Ethiek ontstaat pas en noodzakelijker wijze in deze vrije jokerruimte van het vrije zelf beslissen. Geen lineaire universele wetten schragen het individu of koesteren de ontwikkelingsgang van de mens daarbij. Deze staat dan naakt voor de enorme opgave zichzelf van exemplaar tot uniek individu, tot een humaan Ego om te vormen. Martin Heidegger beschreef die opgave zeer scherp in zijn analyses van de angst.
Waar moet je nu de mystiek plaatsen? Wat is dan het verband tussen spiritualiteit en mystiek?
Spiritualiteit is een democratische visie op de verheven roeping tot humaniteit van de mens. Mystiek is de aristocratische visie erop. Spiritualiteit is onmisbaar voor ieder humaan mens, om boven de status van specimen van de soort uit te stijgen. Dat is een democratische plicht voor iedereen. Iedereen moet zijn humane mogelijkheden, zijn fundamentele vrijheid en die van zijn broeders, gaaf houden. Altijd. Overal. Elke dag. Iedereen, elke mens, om humaan mens te zijn, moet een minimaal niveau van innerlijke vrijheid intact houden. Al was het maar dat hij/zij zich mentaal een ruimte van zelfbepaling vrijwaart, zoals velen in de Nazi-kampen hen voordeden.
Men moet die minimale vrijheid gaaf houden om de begrenzing, om de omknelling van de contractio, van de verschrompeling, van de 'verneuteling' tegen te gaan, om niet zelf ten onder te gaan in een privé Big Crunch. Om niet totaal, restloos met het kosmische samen te vallen, het kosmische, waar alle relaties louter causaal, lineair en deterministisch zijn.

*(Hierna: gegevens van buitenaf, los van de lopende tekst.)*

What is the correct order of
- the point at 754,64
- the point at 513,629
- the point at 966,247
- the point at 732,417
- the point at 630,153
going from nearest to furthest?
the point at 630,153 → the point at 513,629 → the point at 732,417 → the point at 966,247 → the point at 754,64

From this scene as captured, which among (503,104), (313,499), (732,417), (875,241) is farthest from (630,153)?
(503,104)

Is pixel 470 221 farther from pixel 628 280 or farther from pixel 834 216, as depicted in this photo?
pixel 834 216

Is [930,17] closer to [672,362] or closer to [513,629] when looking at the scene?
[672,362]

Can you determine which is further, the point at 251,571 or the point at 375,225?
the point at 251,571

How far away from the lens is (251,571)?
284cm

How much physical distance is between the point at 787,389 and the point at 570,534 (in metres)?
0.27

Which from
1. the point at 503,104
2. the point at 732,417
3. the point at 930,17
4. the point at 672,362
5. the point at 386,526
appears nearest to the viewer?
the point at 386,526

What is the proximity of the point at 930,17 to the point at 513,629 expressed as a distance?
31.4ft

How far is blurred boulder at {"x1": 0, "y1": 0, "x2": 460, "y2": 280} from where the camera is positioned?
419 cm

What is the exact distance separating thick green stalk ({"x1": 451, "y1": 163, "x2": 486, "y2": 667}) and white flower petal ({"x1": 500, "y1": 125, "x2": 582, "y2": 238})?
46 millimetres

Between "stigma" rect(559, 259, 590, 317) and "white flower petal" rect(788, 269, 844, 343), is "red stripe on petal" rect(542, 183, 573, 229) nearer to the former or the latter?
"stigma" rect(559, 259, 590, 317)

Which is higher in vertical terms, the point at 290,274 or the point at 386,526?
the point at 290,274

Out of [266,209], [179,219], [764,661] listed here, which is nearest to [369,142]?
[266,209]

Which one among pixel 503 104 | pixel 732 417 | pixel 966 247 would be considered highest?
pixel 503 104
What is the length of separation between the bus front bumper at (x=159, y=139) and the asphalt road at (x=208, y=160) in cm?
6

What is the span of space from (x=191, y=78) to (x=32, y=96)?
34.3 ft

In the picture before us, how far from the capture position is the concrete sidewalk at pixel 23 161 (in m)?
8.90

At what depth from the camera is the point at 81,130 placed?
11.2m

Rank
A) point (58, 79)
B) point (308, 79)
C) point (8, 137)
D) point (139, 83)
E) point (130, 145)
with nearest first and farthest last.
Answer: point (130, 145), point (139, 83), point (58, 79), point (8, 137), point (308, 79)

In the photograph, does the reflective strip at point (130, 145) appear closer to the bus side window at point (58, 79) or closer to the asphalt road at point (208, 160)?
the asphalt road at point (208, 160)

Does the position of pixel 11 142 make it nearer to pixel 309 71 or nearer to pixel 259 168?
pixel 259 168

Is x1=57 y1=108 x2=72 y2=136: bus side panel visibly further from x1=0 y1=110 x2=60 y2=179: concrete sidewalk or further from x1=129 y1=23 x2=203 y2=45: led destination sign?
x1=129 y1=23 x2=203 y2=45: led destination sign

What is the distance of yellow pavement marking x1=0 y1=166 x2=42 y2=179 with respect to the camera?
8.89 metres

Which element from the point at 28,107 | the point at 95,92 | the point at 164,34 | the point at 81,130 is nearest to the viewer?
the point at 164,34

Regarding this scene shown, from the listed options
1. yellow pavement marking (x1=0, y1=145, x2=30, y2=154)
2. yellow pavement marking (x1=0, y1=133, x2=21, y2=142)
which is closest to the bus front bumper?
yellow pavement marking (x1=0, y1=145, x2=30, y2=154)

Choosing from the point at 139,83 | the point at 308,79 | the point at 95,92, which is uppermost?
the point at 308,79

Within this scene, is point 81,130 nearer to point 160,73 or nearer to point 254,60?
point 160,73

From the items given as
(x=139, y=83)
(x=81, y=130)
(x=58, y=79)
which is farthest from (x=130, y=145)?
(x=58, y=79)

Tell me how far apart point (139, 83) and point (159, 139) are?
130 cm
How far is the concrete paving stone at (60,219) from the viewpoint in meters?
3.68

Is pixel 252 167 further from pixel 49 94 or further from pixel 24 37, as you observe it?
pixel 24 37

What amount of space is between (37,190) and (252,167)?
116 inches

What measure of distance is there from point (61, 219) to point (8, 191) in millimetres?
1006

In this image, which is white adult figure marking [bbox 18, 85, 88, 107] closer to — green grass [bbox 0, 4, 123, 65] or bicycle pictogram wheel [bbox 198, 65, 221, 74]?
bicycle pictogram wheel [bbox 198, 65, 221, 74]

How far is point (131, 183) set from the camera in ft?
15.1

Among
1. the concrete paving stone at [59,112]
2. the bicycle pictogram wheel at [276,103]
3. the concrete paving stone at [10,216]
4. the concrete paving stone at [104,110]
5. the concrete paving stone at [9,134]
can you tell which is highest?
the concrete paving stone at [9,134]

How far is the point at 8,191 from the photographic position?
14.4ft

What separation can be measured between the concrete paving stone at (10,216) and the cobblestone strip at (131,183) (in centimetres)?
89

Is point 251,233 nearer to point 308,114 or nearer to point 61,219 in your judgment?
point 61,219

Als de spiritualiteit de democratische laagvlakte van onze humanitas is, dan is de mystiek echter er het aristocratische hooggebergte van. Dat is de adel, de aristocratie van het humaan mens-zijn.

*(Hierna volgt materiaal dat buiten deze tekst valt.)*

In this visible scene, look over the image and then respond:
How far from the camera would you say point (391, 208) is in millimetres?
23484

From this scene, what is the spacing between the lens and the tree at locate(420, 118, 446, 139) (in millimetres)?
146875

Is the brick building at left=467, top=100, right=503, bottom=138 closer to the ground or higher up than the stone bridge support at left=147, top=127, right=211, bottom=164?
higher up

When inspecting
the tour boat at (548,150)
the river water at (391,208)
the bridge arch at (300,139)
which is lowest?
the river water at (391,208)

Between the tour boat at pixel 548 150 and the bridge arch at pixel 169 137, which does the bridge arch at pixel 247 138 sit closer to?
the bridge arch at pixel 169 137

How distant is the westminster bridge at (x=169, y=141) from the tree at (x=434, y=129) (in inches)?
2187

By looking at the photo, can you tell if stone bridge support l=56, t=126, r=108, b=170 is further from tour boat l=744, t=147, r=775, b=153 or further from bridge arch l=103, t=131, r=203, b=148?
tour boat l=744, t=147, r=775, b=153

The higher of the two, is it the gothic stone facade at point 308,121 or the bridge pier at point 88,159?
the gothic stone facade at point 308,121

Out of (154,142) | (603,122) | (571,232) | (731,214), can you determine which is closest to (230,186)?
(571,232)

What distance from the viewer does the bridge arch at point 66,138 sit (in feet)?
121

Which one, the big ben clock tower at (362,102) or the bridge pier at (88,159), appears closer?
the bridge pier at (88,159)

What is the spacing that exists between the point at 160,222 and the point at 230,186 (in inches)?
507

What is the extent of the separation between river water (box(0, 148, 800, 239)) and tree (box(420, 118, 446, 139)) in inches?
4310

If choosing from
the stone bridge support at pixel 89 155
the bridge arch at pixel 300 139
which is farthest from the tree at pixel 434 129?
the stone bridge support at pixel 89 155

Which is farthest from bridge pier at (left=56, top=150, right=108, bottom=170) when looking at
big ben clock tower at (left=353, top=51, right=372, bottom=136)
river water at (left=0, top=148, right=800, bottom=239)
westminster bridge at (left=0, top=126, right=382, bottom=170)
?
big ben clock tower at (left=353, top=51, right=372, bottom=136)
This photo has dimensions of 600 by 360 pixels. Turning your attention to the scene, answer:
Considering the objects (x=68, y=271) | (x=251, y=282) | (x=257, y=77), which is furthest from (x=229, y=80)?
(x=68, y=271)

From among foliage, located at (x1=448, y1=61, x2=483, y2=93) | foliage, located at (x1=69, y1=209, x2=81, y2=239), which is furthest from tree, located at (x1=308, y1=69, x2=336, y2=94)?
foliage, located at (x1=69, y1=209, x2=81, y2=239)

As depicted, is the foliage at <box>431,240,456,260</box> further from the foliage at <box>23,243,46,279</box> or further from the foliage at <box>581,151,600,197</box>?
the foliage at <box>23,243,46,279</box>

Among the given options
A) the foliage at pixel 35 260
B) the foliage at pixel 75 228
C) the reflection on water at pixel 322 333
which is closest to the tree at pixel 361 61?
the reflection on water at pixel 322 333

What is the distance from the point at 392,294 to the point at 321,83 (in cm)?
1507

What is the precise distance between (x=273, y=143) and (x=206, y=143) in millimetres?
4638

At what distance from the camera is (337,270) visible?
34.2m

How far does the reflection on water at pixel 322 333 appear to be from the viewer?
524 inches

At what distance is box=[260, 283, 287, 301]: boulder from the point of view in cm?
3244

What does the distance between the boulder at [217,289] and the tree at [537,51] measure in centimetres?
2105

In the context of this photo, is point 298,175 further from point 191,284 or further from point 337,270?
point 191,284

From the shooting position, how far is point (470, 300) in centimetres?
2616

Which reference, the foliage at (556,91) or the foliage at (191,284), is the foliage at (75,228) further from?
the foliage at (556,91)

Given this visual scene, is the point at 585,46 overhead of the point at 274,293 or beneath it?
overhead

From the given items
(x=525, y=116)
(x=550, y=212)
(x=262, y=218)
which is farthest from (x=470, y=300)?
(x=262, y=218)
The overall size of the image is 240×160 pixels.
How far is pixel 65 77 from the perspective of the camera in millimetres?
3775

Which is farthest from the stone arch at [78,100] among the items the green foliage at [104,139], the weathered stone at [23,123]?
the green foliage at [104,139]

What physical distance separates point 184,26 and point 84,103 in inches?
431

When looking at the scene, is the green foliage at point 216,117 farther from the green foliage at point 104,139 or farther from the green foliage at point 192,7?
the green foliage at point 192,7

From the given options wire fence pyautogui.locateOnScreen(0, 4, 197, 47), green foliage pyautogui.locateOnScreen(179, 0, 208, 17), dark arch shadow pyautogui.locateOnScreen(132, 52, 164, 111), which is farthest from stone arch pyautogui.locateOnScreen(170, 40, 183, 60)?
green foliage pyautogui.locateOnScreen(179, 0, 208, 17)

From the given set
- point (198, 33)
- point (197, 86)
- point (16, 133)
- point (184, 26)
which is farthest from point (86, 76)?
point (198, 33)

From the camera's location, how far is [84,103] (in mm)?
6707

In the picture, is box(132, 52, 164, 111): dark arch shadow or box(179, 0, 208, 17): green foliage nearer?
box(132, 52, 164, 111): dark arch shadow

Elke mens moet minimaal zijn eigen prisma op de Exuberante gericht houden en op zijn manier de lichtbundel van de Exuberante openbreken en in zijn kleurenrijkdom doen schitteren. Door zijn prisma het kleurenpalet van zijn eigen regenboog doen schitteren volgens een eigen ordening. Elk zijn regenboog. Elk zijn kleurenpalet. Allemaal allochtonen in de diversiteit van de Exuberante. Om zo zijn/haar eindeloze diversiteit maximaal te ontplooien en te demonstreren.

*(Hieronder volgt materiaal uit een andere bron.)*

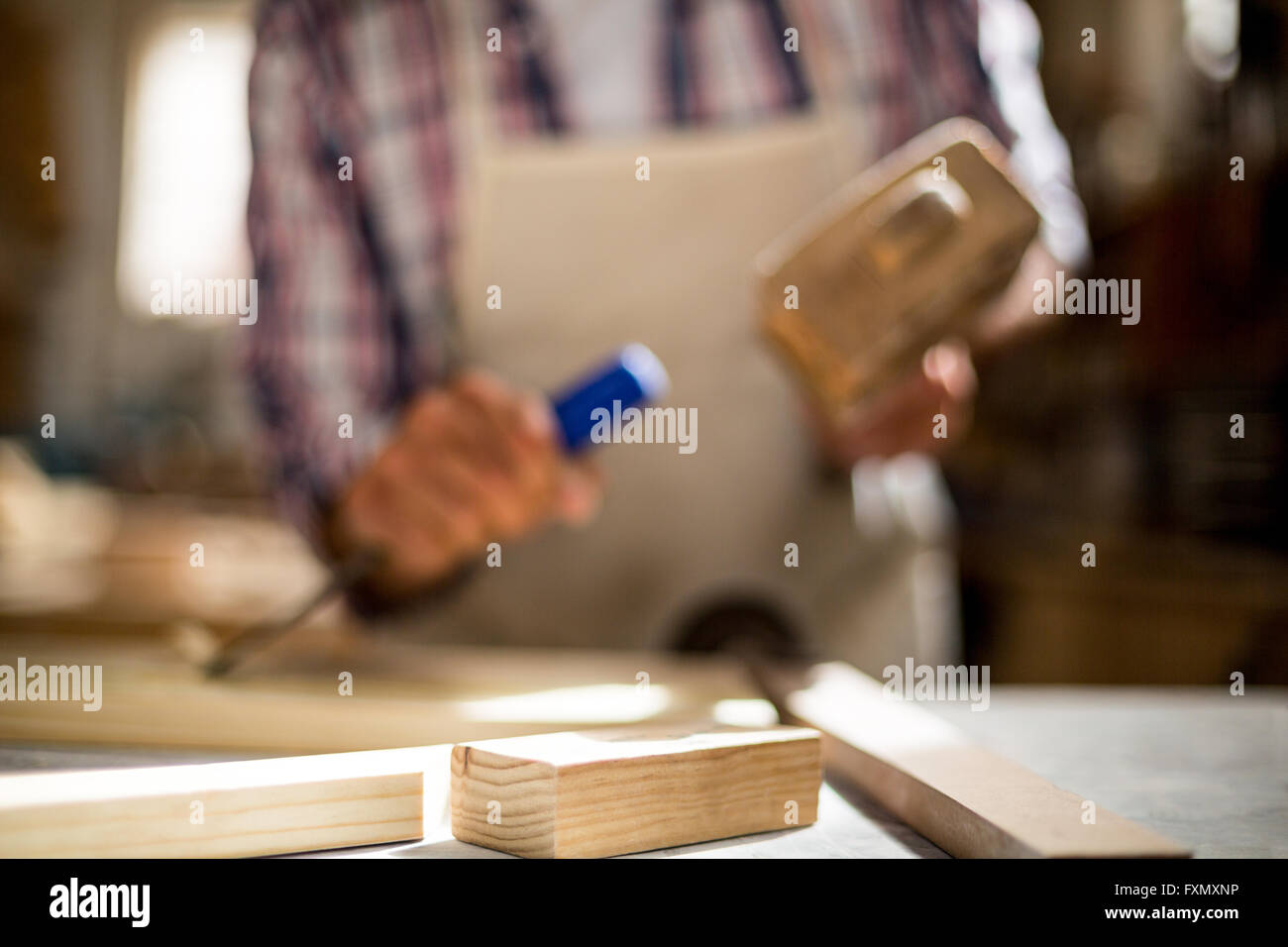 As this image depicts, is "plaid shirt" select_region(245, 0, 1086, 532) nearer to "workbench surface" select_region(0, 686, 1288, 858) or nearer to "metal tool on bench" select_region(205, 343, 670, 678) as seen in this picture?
"metal tool on bench" select_region(205, 343, 670, 678)

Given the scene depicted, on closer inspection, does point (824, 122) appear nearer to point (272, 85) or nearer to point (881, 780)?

De mysticus is de epifaniekampioen van de Exuberante. De mysticus is de doem van elk sjabloon, van elke vorm van epigonendom. Hij slaagt erin op zijn eigenzinnige en heterogene wijze de contractio terug te draaien tot expansie, de beperking van de zijnden weer tot volle ontplooiing te doen uitwaaieren. De schepping als contractio ongedaan te maken, te 'décréer'. De kenosis, de leegte, om te turnen tot volheid, tot plèrotès. Tot de volheid van haar bron. De mysticus ziet in en door de contractio de volheid, de exuberantia van de Exuberante. Hij etaleert de expansio in al haar glorie en is zo de epifanie van de contractio. Hij laat de beperkte zijnden de glorie van de Onbelemmerde uitstralen in en door hun begrenzing heen. Zoals de kilo's verf van Rubens' schilderij de glorie van de Kruisafneming realiseren en communicabel maken. ('De glorie van de kruisafneming.': wat een oxymoron!) Zonder doek, zonder verf, zonder kwast, krijgt de glorie geen kans. Zonder contractio wordt de Exuberante niet exuberant.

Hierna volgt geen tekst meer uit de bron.